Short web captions
####

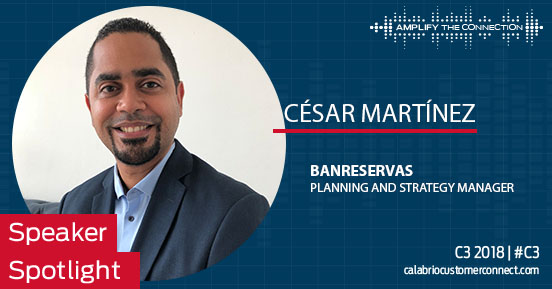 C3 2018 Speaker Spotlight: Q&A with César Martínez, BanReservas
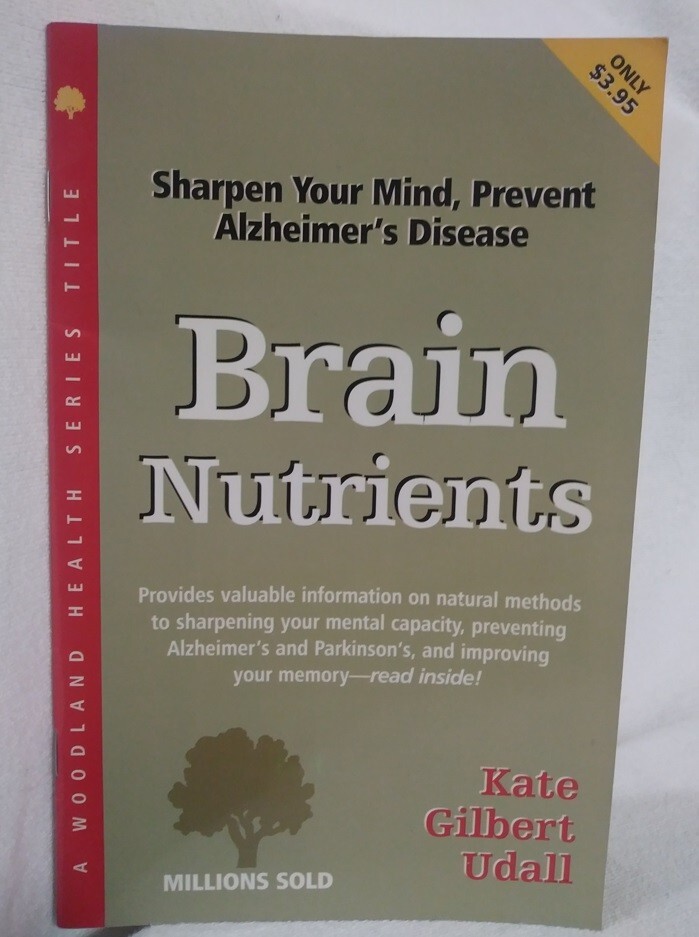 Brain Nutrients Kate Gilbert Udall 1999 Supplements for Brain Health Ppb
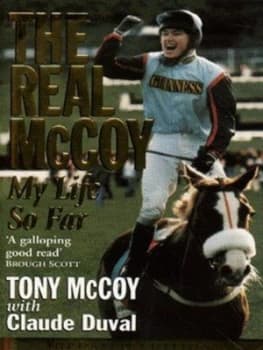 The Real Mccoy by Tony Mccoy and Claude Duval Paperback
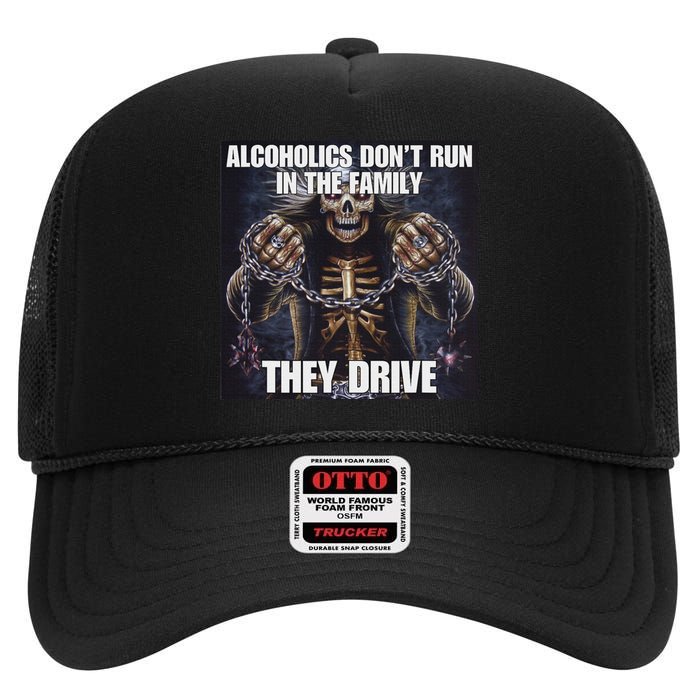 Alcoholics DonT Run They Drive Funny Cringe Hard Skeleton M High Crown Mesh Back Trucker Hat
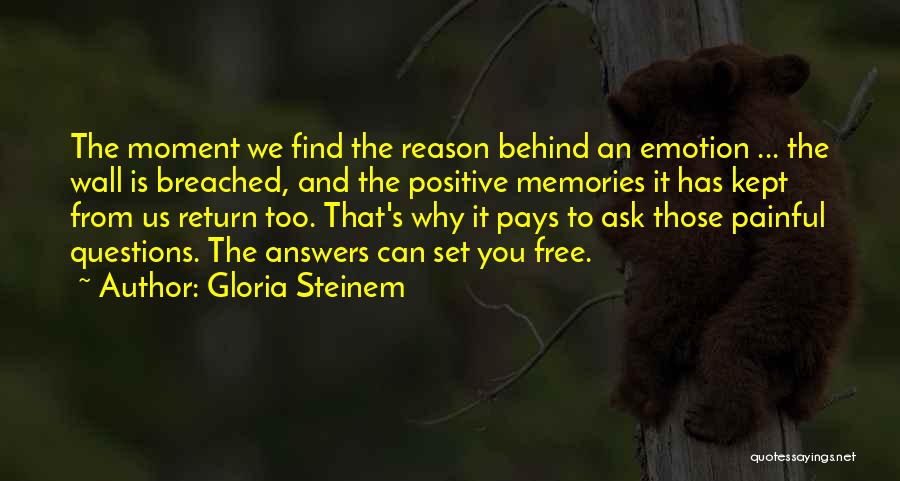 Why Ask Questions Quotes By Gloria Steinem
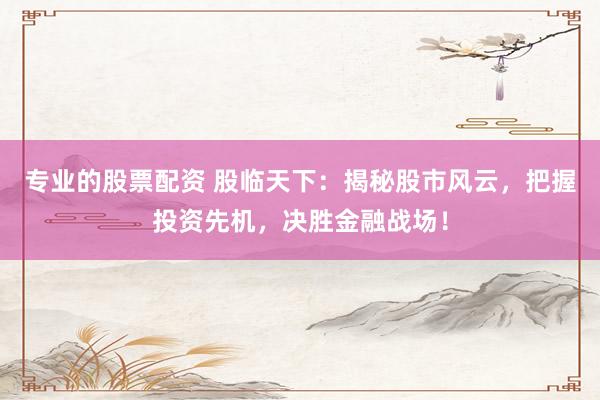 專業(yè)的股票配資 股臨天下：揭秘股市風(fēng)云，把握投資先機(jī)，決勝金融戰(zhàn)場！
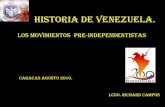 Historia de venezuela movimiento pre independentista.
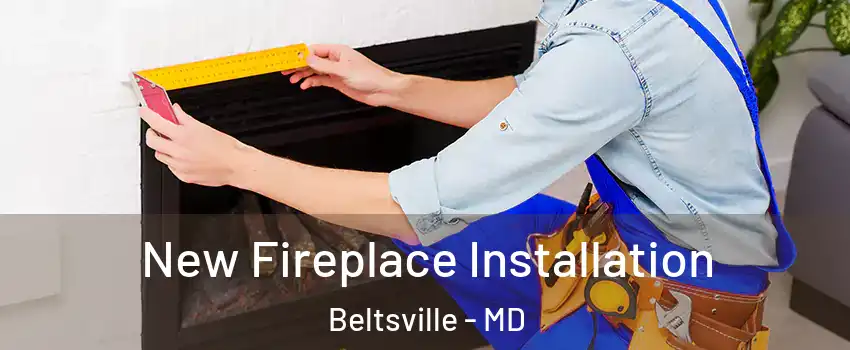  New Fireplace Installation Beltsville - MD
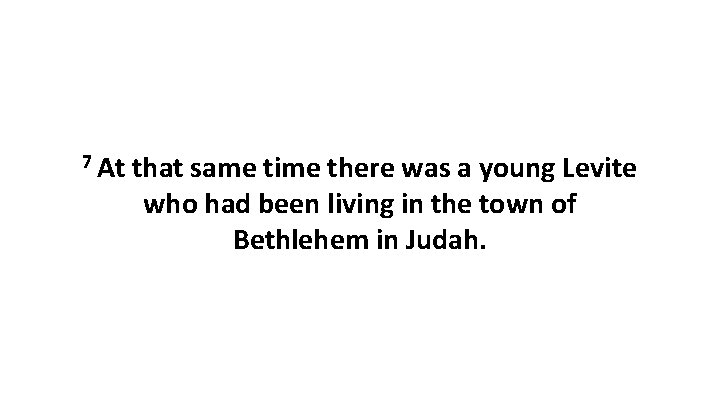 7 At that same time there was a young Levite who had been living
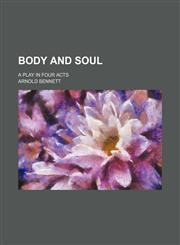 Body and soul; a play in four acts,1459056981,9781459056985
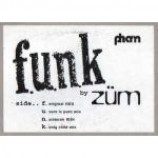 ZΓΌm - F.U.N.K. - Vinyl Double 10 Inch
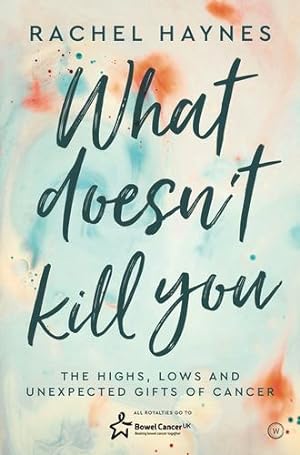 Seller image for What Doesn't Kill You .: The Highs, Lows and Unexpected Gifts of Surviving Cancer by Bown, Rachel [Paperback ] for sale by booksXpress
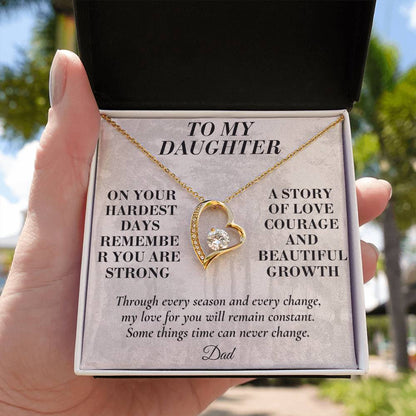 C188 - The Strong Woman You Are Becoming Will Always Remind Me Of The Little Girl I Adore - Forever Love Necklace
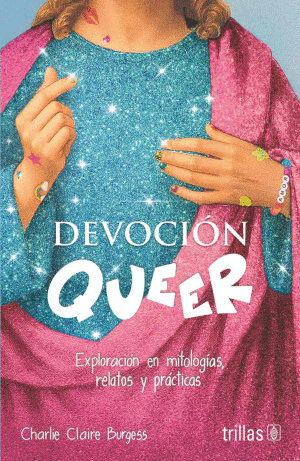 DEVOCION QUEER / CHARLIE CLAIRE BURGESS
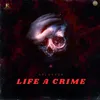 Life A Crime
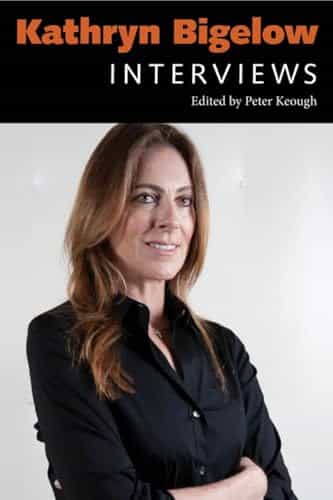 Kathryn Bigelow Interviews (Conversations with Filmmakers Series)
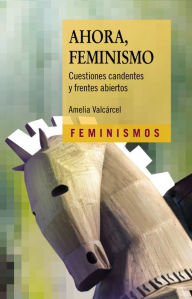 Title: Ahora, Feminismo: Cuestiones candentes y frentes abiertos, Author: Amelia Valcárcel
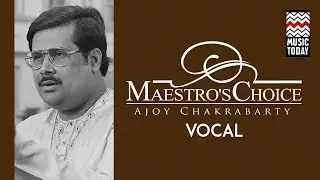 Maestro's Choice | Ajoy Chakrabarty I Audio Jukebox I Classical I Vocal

####

**YOUR OBJECTIVE:**
Starting with the line that contains "C188 - The Strong" and ending with the last line of the data above, transcribe exactly those lines and no others, without pictures.

**COMPLETED EXERCISE:**
 C188 - The Strong Woman You Are Becoming Will Always Remind Me Of The Little Girl I Adore - Forever Love Necklace
 DEVOCION QUEER / CHARLIE CLAIRE BURGESS
 Life A Crime
 Kathryn Bigelow Interviews (Conversations with Filmmakers Series)
 Title: Ahora, Feminismo: Cuestiones candentes y frentes abiertos, Author: Amelia Valcárcel
 Maestro's Choice | Ajoy Chakrabarty I Audio Jukebox I Classical I Vocal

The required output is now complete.